Unblock thyself with the AI
I am following the (too often breathless) coverage of new AI tools and tricks like everyone else, but even for all of my talk about shifting mindset and seeing new perspectives, this one caught me off guard. Can AI help us get past our own mental blind spots?
There are many ways we can be our own worst enemy, but awareness is half the battle. Even top executives who have mastered all the right executive skills struggle to link their aspirations with the actual performance of their organizations. But McKinsey’s Dana Maor, Kurt Strovink, Ramesh Srinivasan, and senior partner emeritus Hans-Werner Kaas argue that to make a lasting impact, leaders must look inward first: “What’s holding them back as they push themselves and their organizations ahead is their own psychological conditioning, which is rooted in the very habits and behaviors that got them where they are.”
The article appears among several links on research and observations that show high-powered people using various techniques, including AI tools, to see from a different perspective.

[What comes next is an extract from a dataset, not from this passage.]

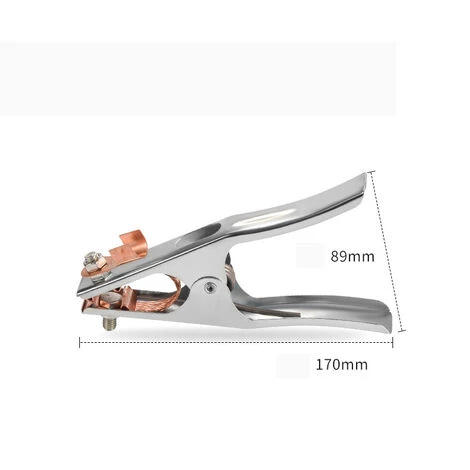 CATHERINE 4PCS Pince De Mise à La Terre, Pince De Soudure, 1 Pince De Mise à La Terre, Robuste, équipement De Soudage Professionnel, US (300 A) 2 CATHERINE 4PCS Pince De Mise à La Terre, Pince De Soudure, 1 Pince De Mise à La Terre, Robuste, équipement De Soudage Professionnel, US (300 A) – Image 2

That’s an absolutely crucial Future Ready skill that is also incredbly difficult to put into action, when so many of us live in highly segregated social groups.
I’ll take all the hacks for seeing from new perspectives that I can get.
Roof wars?
When I enrolled in my Masters in Community Planning program back a million years ago, my intent was to pursue a Masters of Geography, concentrating on cultural geography, at the same time. For a variety of reasons, including this little thing called pregnancy, I dropped the geography degree pretty quickly after I got to Cincinnati.
The reason why I wanted to do that was because geography can be another kind of a Signal — in many cases, a signal of the past, like in this article, but those past signals can also help us spot current signals more effectively, as well.
The moment in history that this place captures so clearly - and so subtly - is just wild:
Flat roof advocates argued in the 1920s that they were less expensive to build and maintain, in addition to fitting in with Modernist ideas about minimalism and functionality, like using roofs as terraces. But the pitched roof partisans—including many nationalists—argued something entirely different: that flat roofs were a blight on traditional German architecture, or, as the critic Paul Schultze-Naumburg wrote, “immediately recognizable as the child of other skies and other blood…”
The two sides met on Am Fischtal, which today survives as a literal and figurative monument to the Weimar Republic’s increasing political divide. The flat roof residences came first, part of a housing development built by a leftist housing cooperative between 1926 and 1932 known as Onkel Toms Hütte, or Uncle Tom’s Cabin, an unlikely moniker borrowed from a nearby tavern which was named after the Harriet Beecher Stowe novel. Across the street, GAGFAH, a housing cooperative supported by conservative white collar unions, built their response in 1928: a community called Fischtalgrund, which consists of 30 buildings with 120 housing units. The roofs, of course, were pitched.
When you drive through that neighborhood on your way home, or stop by the grocery store in the strip mall, it might be interesting to see what that architecture is telling you. In a lot of cases, it might be much more than you were expecting.